A few weeks earlier, Masaan had premiered at the Cannes Film Festival, under the prestigious Un Certain Regard category, and had won two awards—including one for its debutant director, Neeraj Ghaywan. Mundra was present at that screening, and for the standing ovation that followed it. The film’s rapturous reception in France had created an air of anticipation, and encouraged its backers to release it relatively quickly in India. The trailer release was the first step in that process.
I found Mundra standing at a remove from the action, red-eyed but buzzing. He had arrived that morning from Nigeria, where he works, via Dubai, where he lives with his family. He was dressed in a casual, corporate style, and was flanked by a handful of staff from his recently founded production house, Drishyam Films, as well as some old friends who had come out to witness his success. As the crowd moved towards the auditorium, we ascended the stairs together. Voices chattered in the dark: “You must see my film,” I heard, followed by “It’s not good cinema, but it’s fun.” I took a seat at the back of the theatre. Mundra, after a moment of indecision in the aisle, moved towards the front.
After the trailer screening, the cast and crew lined up onstage to take questions from the press. The conversation was informal, and sometimes irreverent. Mundra stood at the edge of this assembly, and contributed a few, sober lines. Afterwards, as the television cameras made a beeline for the film’s stars, he took some selfies with his friends, and got himself some coffee.
In Mumbai’s hyper-connected film world, Mundra, a youthful-looking 42-year-old, is the quintessential outsider—the managing director of a petrochemical company in Nigeria, a small-town boy with, until his sudden appearance on the scene a few years ago, no links to the industry. In 2011, he backed Ankhon Dekhi, a small indie film by the acclaimed director Rajat Kapoor, which went on to win several important awards.

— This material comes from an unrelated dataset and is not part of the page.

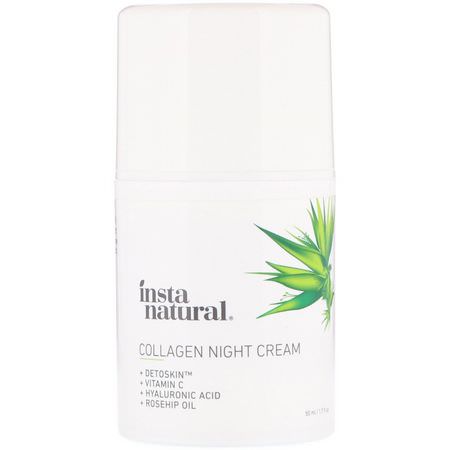 InstaNatural, Night Moisturizers, Creams, Collagen, Beauty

Since then, he has produced 5 more films in India, which have gathered accolades at festivals across the world, including Berlin and Sundance. The recent success of Masaan has only reinforced Mundra’s reputation as a producer with a canny eye for the right projects, and the financial commitment to see them through. Already, he has been written about as the “guardian angel of Indian indie cinema”—a saviour for writers and directors looking to make films whose main appeal is the strength of their scripts rather than their mainstream commercial potential alone. If there was a pantheon of deities such film-makers in Mumbai paid homage to, Mundra would be in it.
Masaan was released in Indian theatres in late July. It charmed audiences, and brought in over Rs3.6 crore in box-office sales over a six-week run—a respectable showing for an independent film in India. In a market where such “alternative” films have historically struggled, this turned more eyes towards Mundra than ever before. Many are watching to see if Mundra and Drishyam Films can turn making bold, independent cinema into a sustainable enterprise. As Varun Grover, who wrote the script for Masaan, told me, “In Mumbai, nobody likes to be the first in line.” But if Mundra’s “calculations work, people will be ready to queue up behind him.”
Once the launch was done, we drove to his five-star hotel, near Mumbai’s airport, to continue our conversation. On the way, I asked how he felt about now being part of the film world. In response, he read out some poetry he had written the previous night:
Ab lakshyaheen maseeha saa main
Bheed mein samaahit hua ja raha hoon
Vyakul man liye, peedaon ke dansh liye
Apne hone ka wajood khoye ja raha hoon …
Iss sab ka ab ant hoga
Ek baar phir se naya aarambh hoga
“In the middle of this crowd,” he translated for me, “people think I am some kind of a messiah, but I don’t feel that way. Already I am searching for the next source of inspiration.” He paused for a beat, then added, “Whatever is going on, will continue. But already my mind is wondering: ‘What next?’”
In his plush hotel room, with a friend who had tagged along from the screening and three members of his production house looking on, Mundra plunged straight into a photo shoot—his first as a producer. He had come to Mumbai prepared, and laid out a small suitcase with several changes of clothes. “This will look very good with the jeans,” he said, arranging shirts and jackets in neat piles. “And this will work really well for the formal look.”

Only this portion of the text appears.